Bisogna che cali la sera, che venga quel chiaroscuro che annuncia la notte o che la segue in attesa dell'alba, per “vedere”. Ci si conosce attraverso le ombre. Ci si conosce quando la mente è ottenebrata dai pensieri negativi, dalle preoccupazioni o dalle ossessioni. Che abbiamo tutti, più o meno. «Ma come, anche chi fa yoga vive questi momenti neri?». Ma è ovvio.

Se leggete Autobiografia di uno yogi vi rendete conto dei momenti tristi, addirittura bui, passati da Yogananda, momenti di scoraggiamento o di inciampo nel percorso. I diari di Madre Teresa di Calcutta sono pieni di disperazione per il “silenzio di Dio” che accompagna talvolta la vita di chi ha fede, ma - come noi - vive la solitudine e l'abbandono.



Ne passiamo di tutti i colori a periodi alterni e quando sei dentro è difficile pensare positivo. Però se sei su un percorso di ricerca, nel momento del buio, della tentazione, della baruffa interiore, sai che puoi fermarti a osservare. È lì che scatta la marcia in più. La “marcia” non è quella che fa andare a 300 all'ora, rende smart, sani e di successo. La marcia è il “folle”, quella che ti permette di restare fermo e osservare, ascoltare il motore, i piccoli impercettibili rumorini.

Se c'è una cosa che detesto è l'immagine dello yogin moderno che somiglia al manager di Wall Street degli Anni 80. Lo yogin (e la yogini) è un essere umano che ha preso contatto con il suo lato oscuro e lo maneggia con cura, lo indaga, lo osserva attentamente senza compiacersene e, facendo così, sente un impercettibile distacco ogni volta.


Questo è il motivo per cui il saggio che ha codificato lo yoga, Patanjali, insiste tanto con i pensieri vorticosi (le vritti) e con le cause della sofferenza (i klesha): è con questa indagine che mettiamo le mani nel fango e nell'humus, con quella che viene chiamata «meditazione», cioè il sedersi immobili ad ascoltare il respiro. Dice il Dalai Lama: «Quando sai esattamente com’è davvero l’“io”, potrai capire tutti i fenomeni interni ed esterni usando la stessa logica».

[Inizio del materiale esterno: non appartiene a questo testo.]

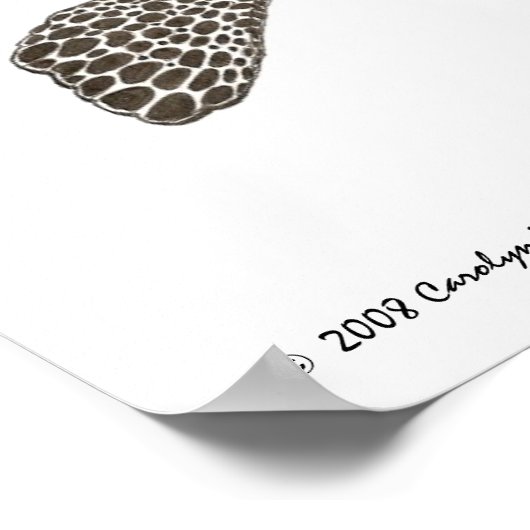 Hawksbill Zee Turtle Print (Hoek)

In sanscrito e nello yoga questa azione si chiama svadiyaya: è la conoscenza di sé ed è una delle tre caratteristiche di ciò che si chiama yoga (Yogasutra 2,1): passione per la ricerca (tapas), conoscenza di sé e delle scritture (svadiyaya) e accettazione del proprio karma e/o abbandono al divino (Isvarapranidhana o Atma pranidhana). Come vedete non c'è traccia di asana nella definizione di Patanjali. Ecco perché questo intero sito è illuminato dallo yoga anche se non parla solo di yoga, perché yoga è quelle tre cose e questa triplice intenzione illumina tutto il sapere dell'uomo e ne dà significato.


Ma c'è anche un mantra sanscrito che può essere rimandato a «Conosci te stesso» apollineo: «Tat Tvam Asi», Tu sei Quello, espressione che si trova nella Chandogya Upanishad (le Upanishad sono libri sacri dell'induismo e ultima parte dei Veda). Quando conosci davvero te stesso, scopri che contieni anche un barlume del divino, qualsiasi cosa questo possa significare per me e per te, e questo non fa di noi dei superuomini, ma ci riempie di gioia, ci permette di entrare in un flusso colmo di gratitudine.

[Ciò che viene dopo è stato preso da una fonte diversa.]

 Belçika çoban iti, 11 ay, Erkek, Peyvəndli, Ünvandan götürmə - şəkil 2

Siamo tutti stanchi e desiderosi di riposarci. Abbiamo bisogno di ricaricarci mettendo il naso fuori dalla città o dal paese (se si può: ho passato anni e anni senza farlo e capisco chi non può), ma anche leggendo buoni romanzi (mi aspetta Philip K. Dick) e studiando per il prossimo anno, elaborando progetti nella quiete della vacanza o nel silenzio meraviglioso della città.


Ma se non lo fate già, lasciate che vi dia una piccola (r)ispirazione: in qualsiasi momento della giornata, quando potete, spegnete tutto, sedetevi e ascoltate il respiro per 5-10 minuti. Sul nostro Podcast trovate la meditazione di Fabia Schoss che dura addirittura solo 3 minuti. Sarà l'inizio di un'avventura meravigliosa in cui inizierete a conoscere voi stessi. E non smetterete più.